(Image-text web data)
%%

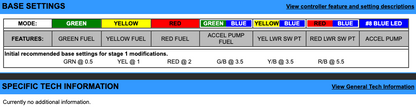 EJK Tuning Kit Fuel Controller Ducati SportClassic Sport 1000/S 2006-2010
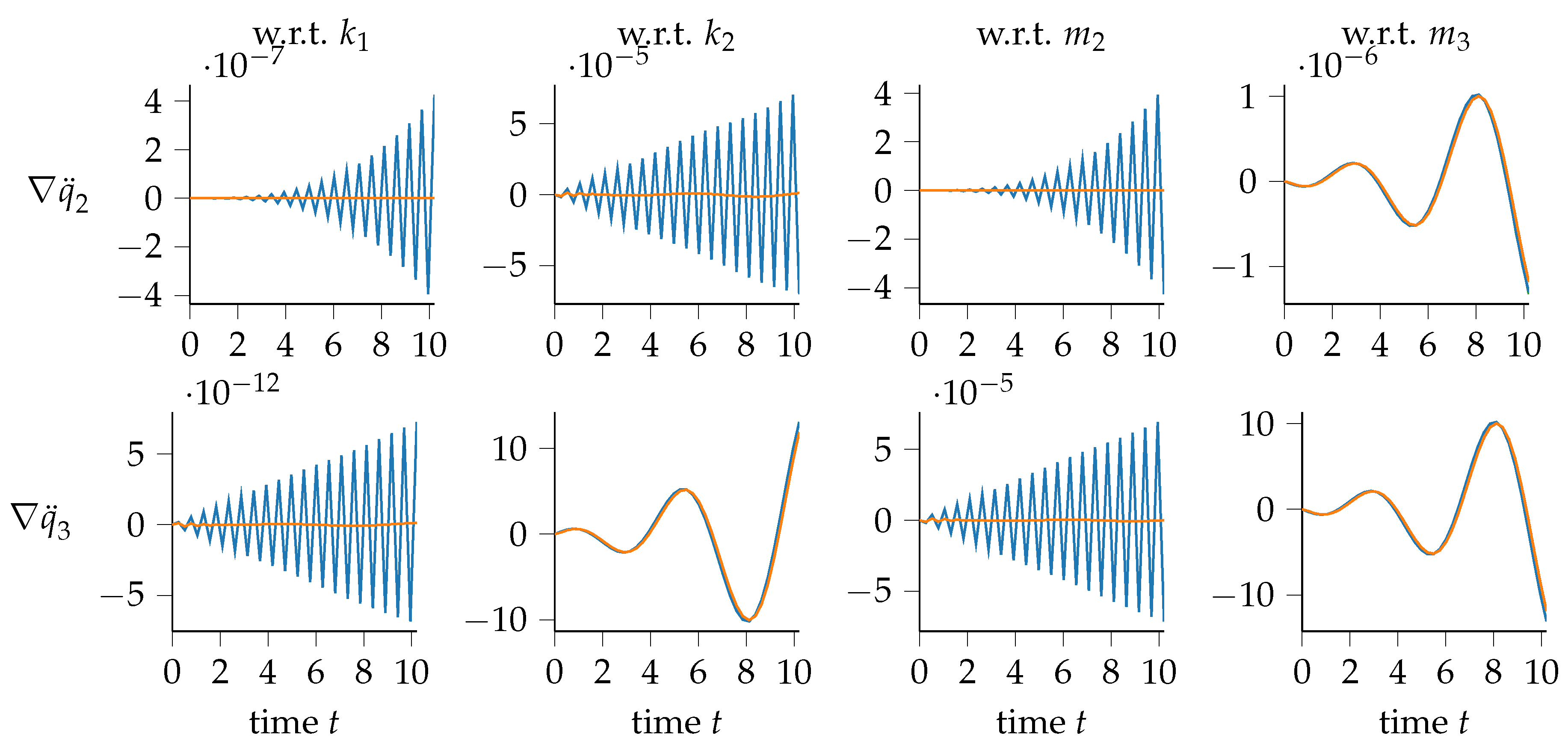 Machines 12 00128 g006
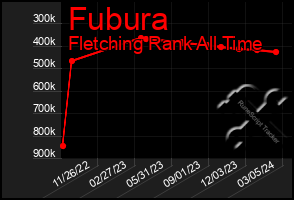 Total Graph of Fubura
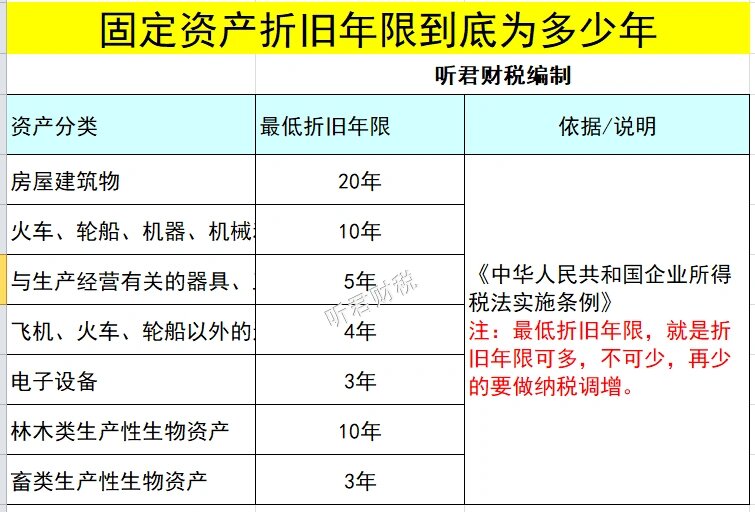 固定资产什么时候开始计提折旧(固定资产什么时候开始计提折旧的) 固定资产什么时候开始计提折旧(固定资产什么时候开始计提折旧的)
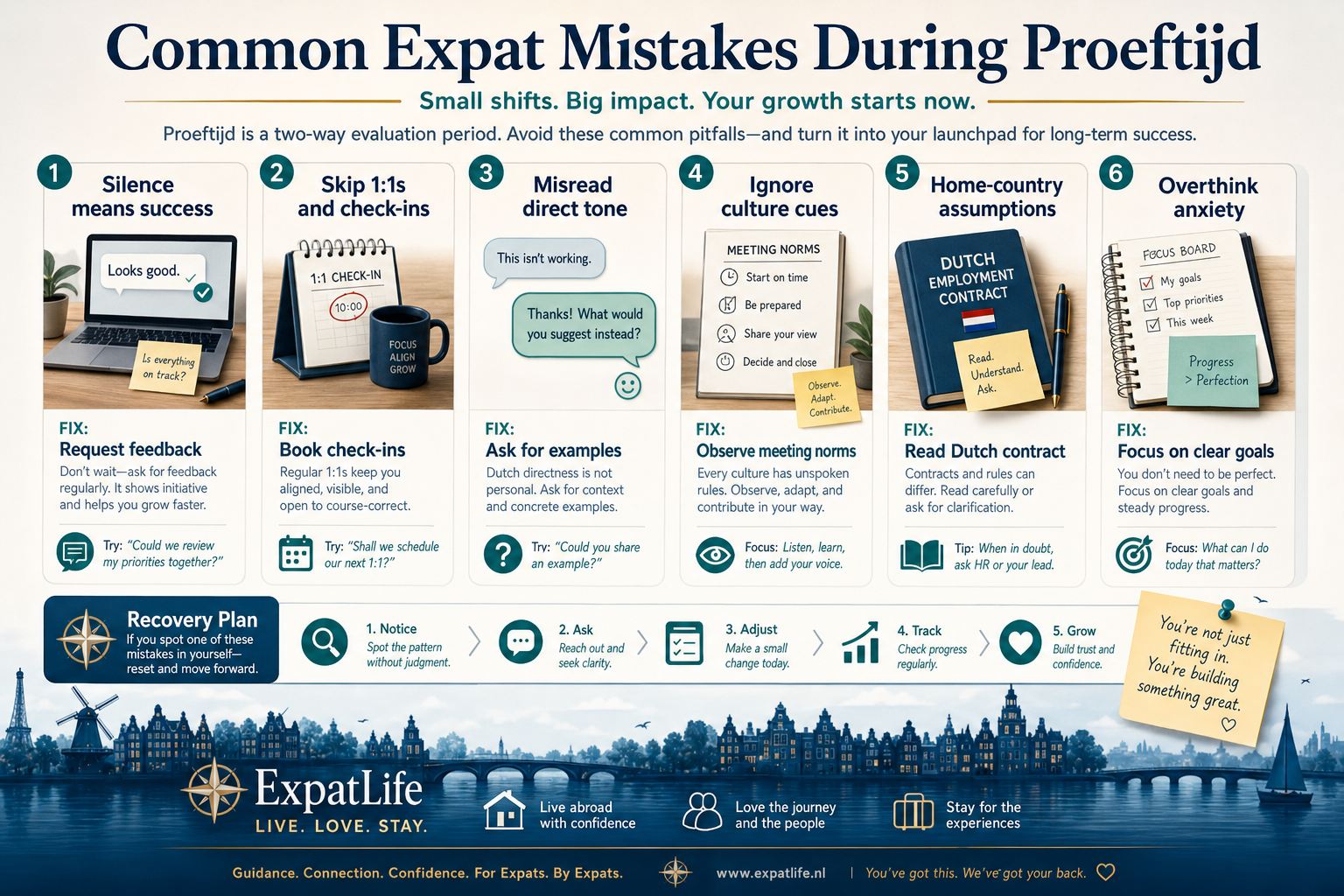 Infographic of common expat mistakes during Dutch probation periods including misreading direct feedback.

%%

Task goal. Exact wording is required throughout: write out all the records, but no pictures.

Answer to this exercise.
 EJK Tuning Kit Fuel Controller Ducati SportClassic Sport 1000/S 2006-2010
 Machines 12 00128 g006
 Total Graph of Fubura
 固定资产什么时候开始计提折旧(固定资产什么时候开始计提折旧的) 固定资产什么时候开始计提折旧(固定资产什么时候开始计提折旧的)
 Infographic of common expat mistakes during Dutch probation periods including misreading direct feedback.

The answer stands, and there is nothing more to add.